**Dataset entries**.

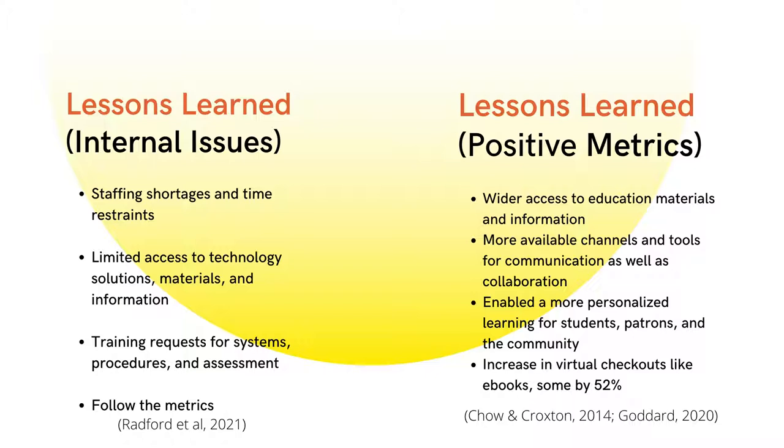According to Pew Research, approximately 25% of households do not have a broadband internet connection at home. Numbers really do speak louder than words when it comes to metrics and justification for resources, programming, and services. Many libraries were pleased to see such a positive reception to their newly established services.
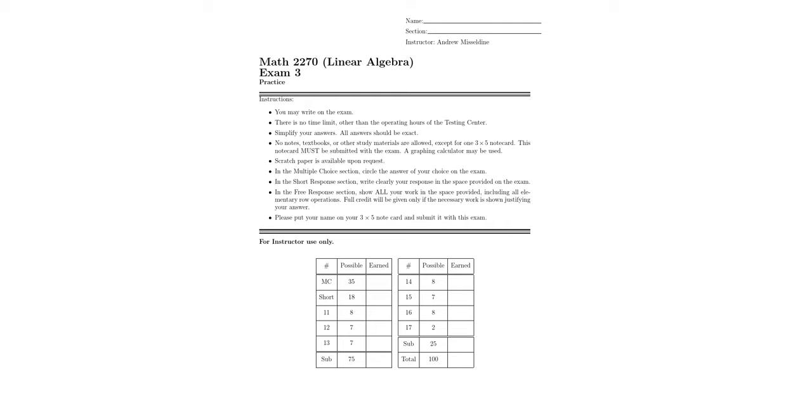This exam will contain 16 questions, as you can see from this table. There are seven multiple choice questions worth five points each, three short response questions worth six points each, and six free response questions ranging from seven to eight points each. Also remember to create and submit your note card, as that is worth two points on this exam.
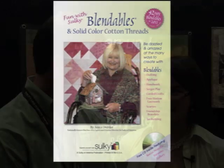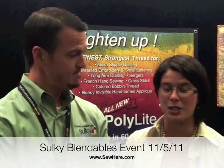This book comes with an event that stores can do. It does, and I think you're going to be hosting one the first week in November. Absolutely — November 5th, 2011. There's going to be two time slots; information is on our website, SewHere.com.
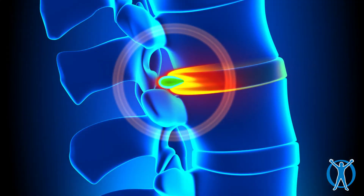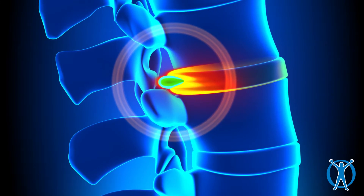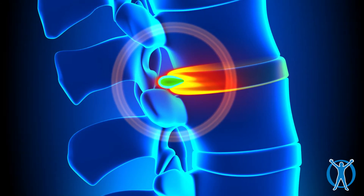Bulging discs can occasionally be symptomatic depending on where they are — things like leg pain, sciatica, or back pain. Herniated discs are more likely to be symptomatic simply because there's more material that's pushed out.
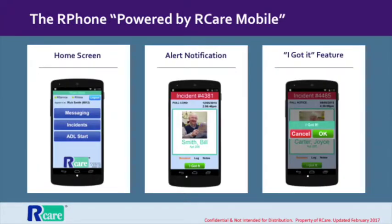But R-Care does so much more than that. The R-Phone, part of the R-Care mobile solution, is a great example. When a senior presses his or her button, caregivers receive alerts on their R-Phones. It not only tells them what room to report to, but who lives in that room, what they look like, what their common needs are, and even their interests and background.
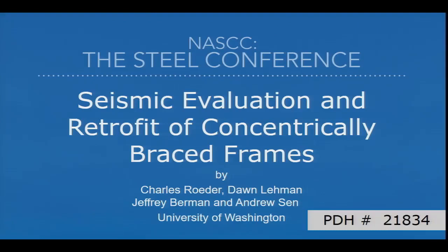I'm Charles Roeder. Thank you very much. Today we're going to talk a bit about seismic, mainly about seismic retrofit of brace frames.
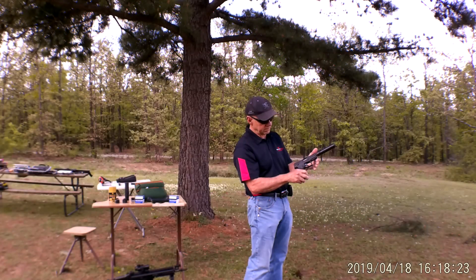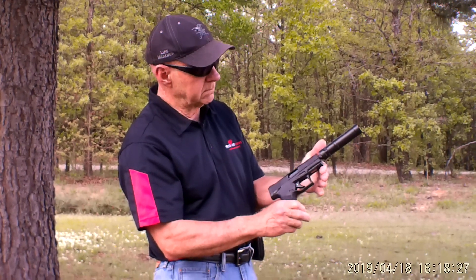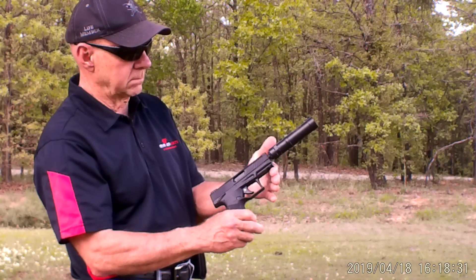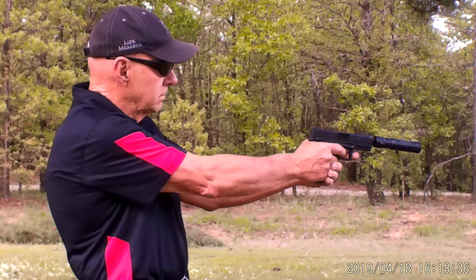This is the Taurus TX-22. Robert's going to shoot it with SK standard ammo, and that is the Griffin Optimus micro silencer, which is good from 22 to 556. So this is going to be standard ammo at about 50 yards. Go for it, Robert.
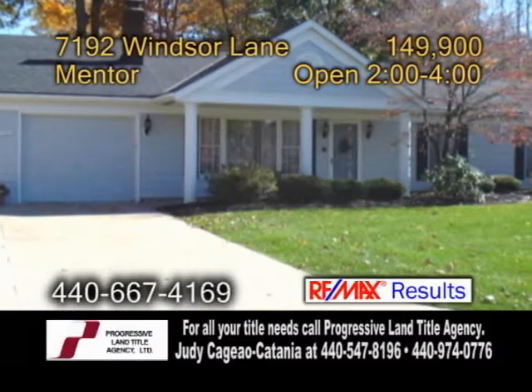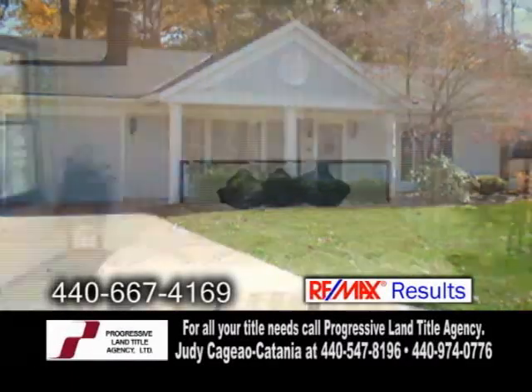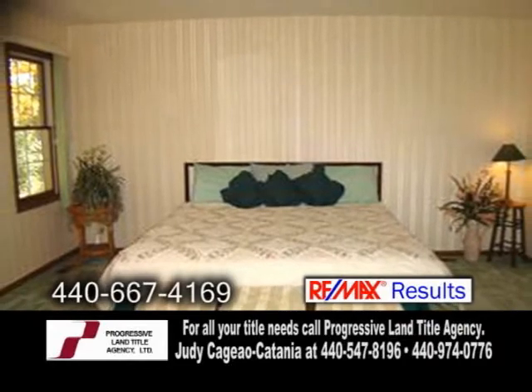A wonderful development and mentor. This home is one of 21 units. Inside you'll find three bedrooms and two full baths.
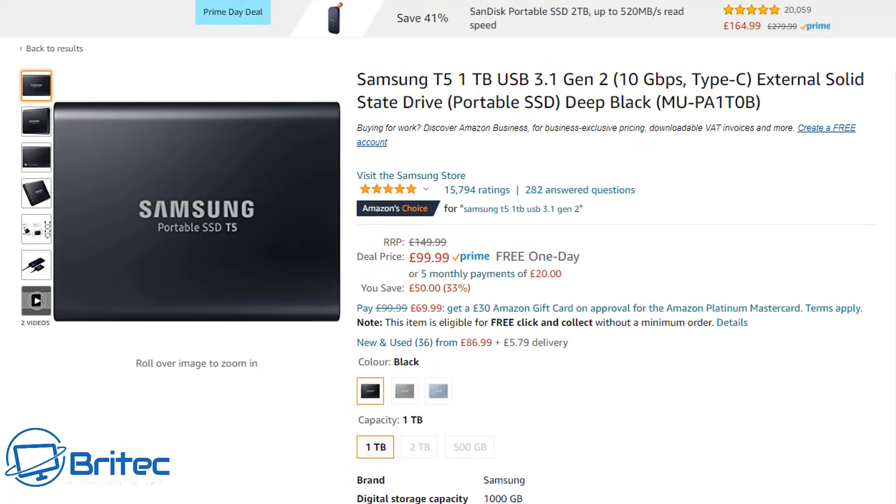Welcome back, guys. This is the best Amazon Prime tech deals for 2021 in the UK. I wanted to share this video because there are quite a lot of tech deals to go through. I'll leave all the links in the video description so you can just click on them and grab those deals.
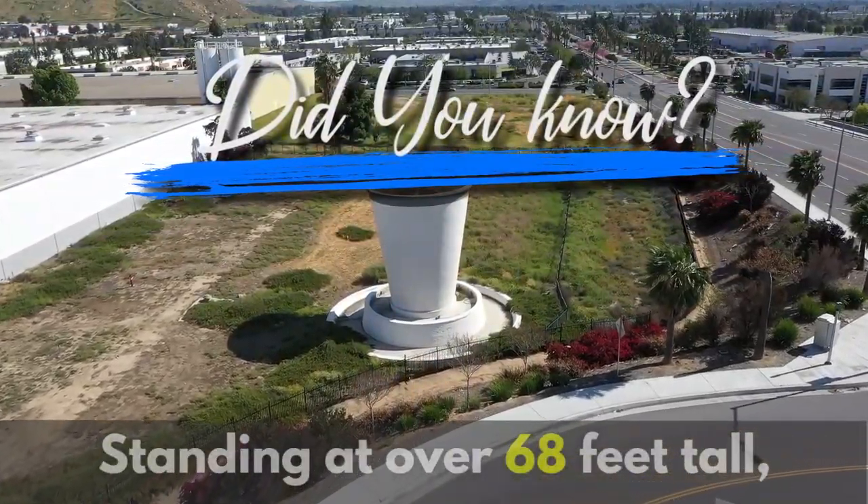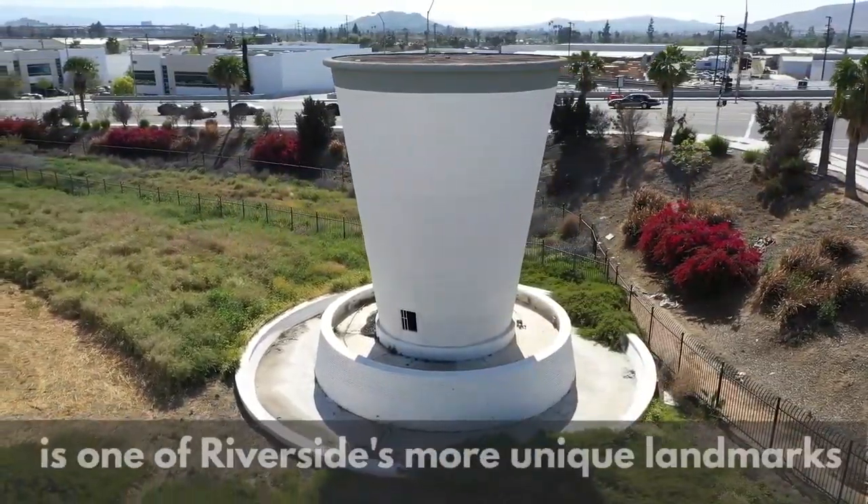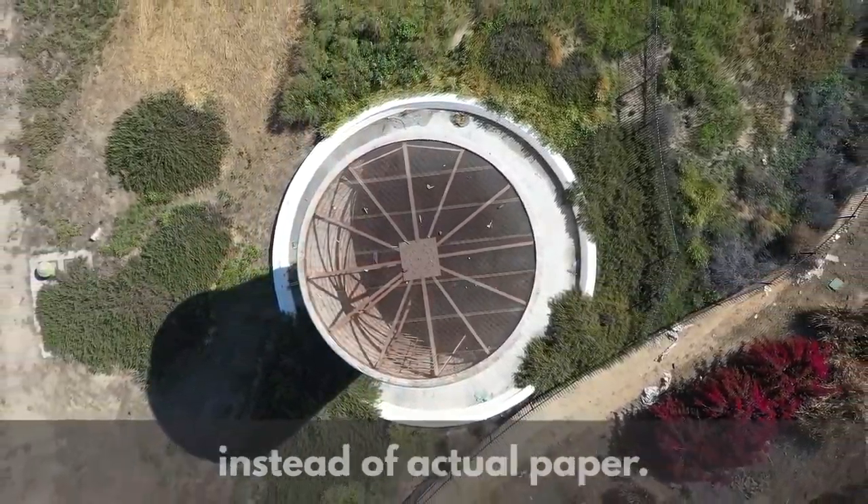Standing at over 68 feet tall, the world's largest paper cup is one of Riverside's more unique landmarks. Now unlike most paper cups which are used to hold stale warm soda, this cup was used as a landscape ornament for the Lily Tulip Cup Company, as well as being made out of concrete instead of actual paper.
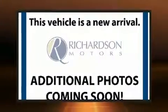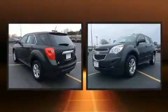Get excited about the 2013 Chevrolet Equinox. With fewer than 50,000 miles on the odometer, this four-door sport utility vehicle prioritizes comfort, safety, and convenience.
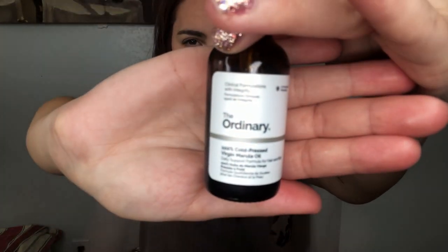I know Drunk Elephant has a version that's like $75 and I don't have that money. So this is The Ordinary — it's 100% cold-pressed virgin marula oil and it was only like 10 bucks. So I decided to get it.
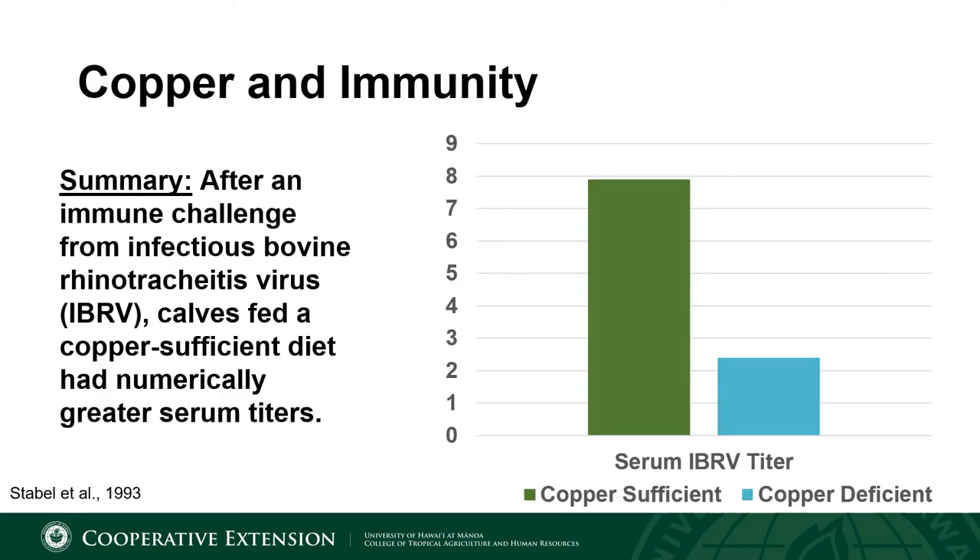Now we're going to switch gears and discuss the relationship between copper and immunity. This is one that has been established for decades with research done on mice, rats, pigs, and cattle. For a rancher, once that calf is on the ground, the next goal is to get the calf shipped off, placed into a grass finish program, or sold through some other venue — and to do this with the least amount of inputs possible in order to have a greater net profit off of each calf. Proper immune function can significantly affect this.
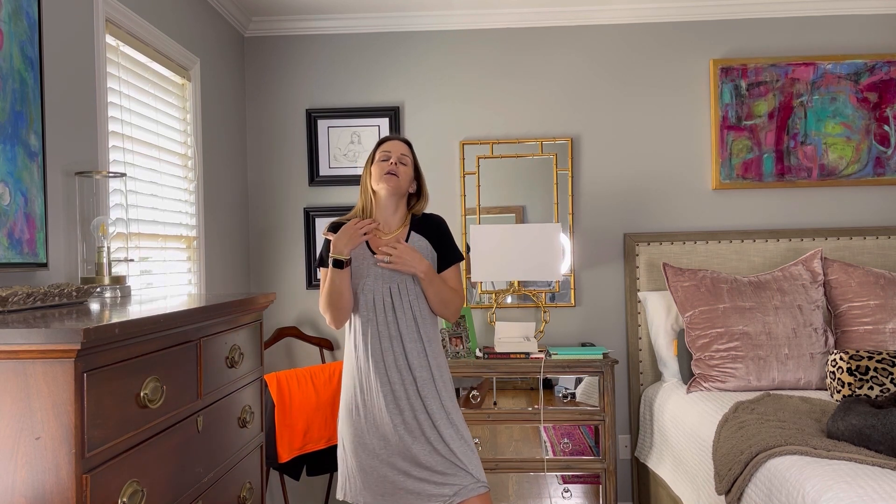Moving right along — next is this little cap sleeve nightgown. Same kind of material: crazy stretchy, super slinky, soft, and so lightweight — unbelievably comfortable. It's got black sleeves along with a little black neckline, and then there's a kind of pleated or scrunched detail in the front which is really, really nice. Very simple back. It hits me right above my kneecaps.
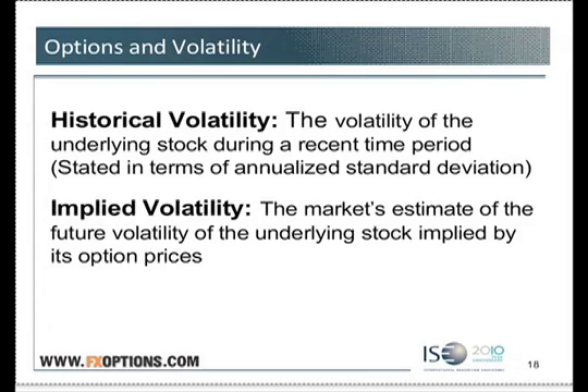The next Greek that is really important — and often misunderstood, misrepresented, and ignored — is vega. Vega is volatility. Vega is the rate of change of an option price based on a change in the implied volatility of the underlying.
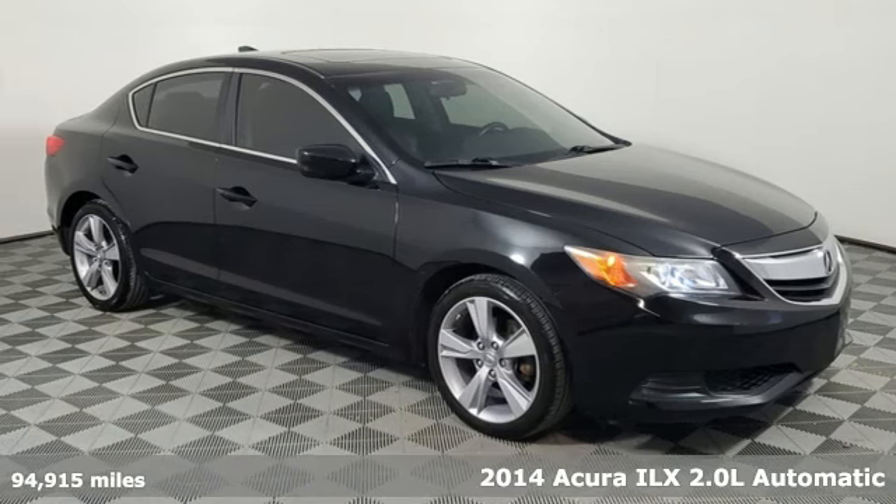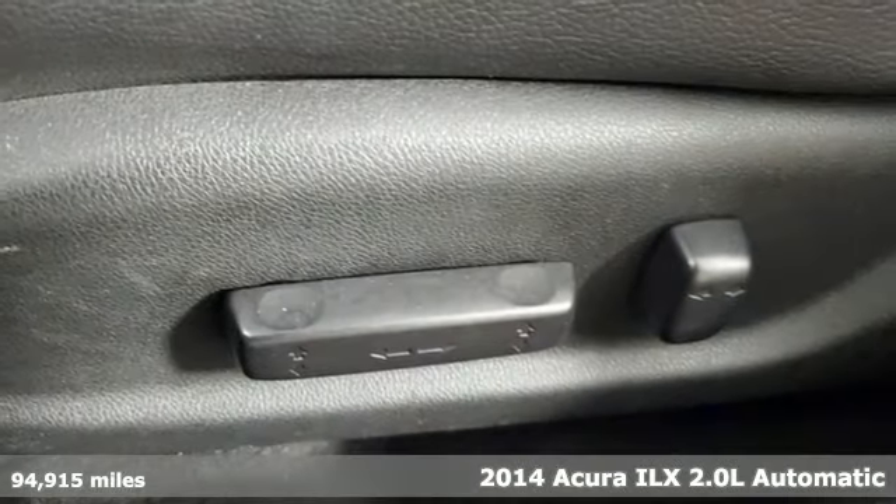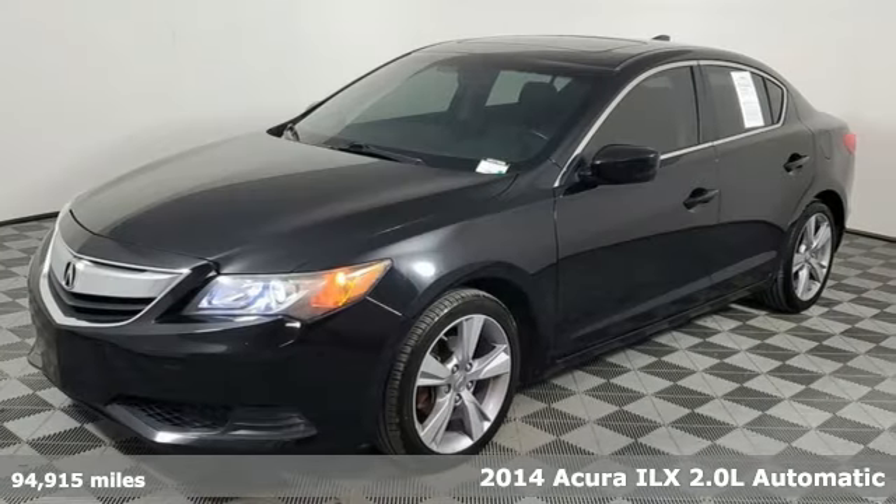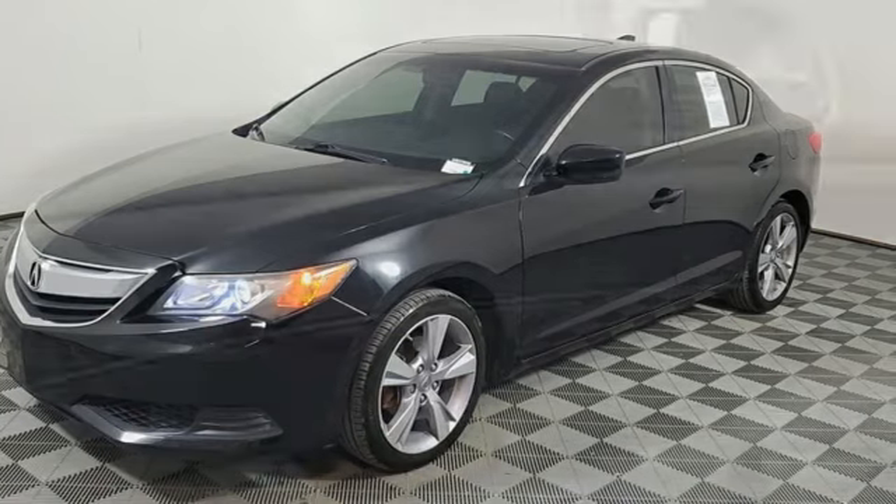It's a 2014 Acura ILX. Acura believes if there's a better way, take it. That philosophy shines through in this vehicle, and it comes with all the amenities you need.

**How to complete this task**. Every line above from the one with "Bulging discs can" down to the one with "Welcome back, guys." must be written out exactly, and no picture may appear.

**Exercise answer**.
Bulging discs can occasionally be symptomatic depending on where they are — things like leg pain, sciatica, or back pain. Herniated discs are more likely to be symptomatic simply because there's more material that's pushed out.
But R-Care does so much more than that. The R-Phone, part of the R-Care mobile solution, is a great example. When a senior presses his or her button, caregivers receive alerts on their R-Phones. It not only tells them what room to report to, but who lives in that room, what they look like, what their common needs are, and even their interests and background.
I'm Charles Roeder. Thank you very much. Today we're going to talk a bit about seismic, mainly about seismic retrofit of brace frames.
This is the Taurus TX-22. Robert's going to shoot it with SK standard ammo, and that is the Griffin Optimus micro silencer, which is good from 22 to 556. So this is going to be standard ammo at about 50 yards. Go for it, Robert.
A wonderful development and mentor. This home is one of 21 units. Inside you'll find three bedrooms and two full baths.
Welcome back, guys. This is the best Amazon Prime tech deals for 2021 in the UK. I wanted to share this video because there are quite a lot of tech deals to go through. I'll leave all the links in the video description so you can just click on them and grab those deals.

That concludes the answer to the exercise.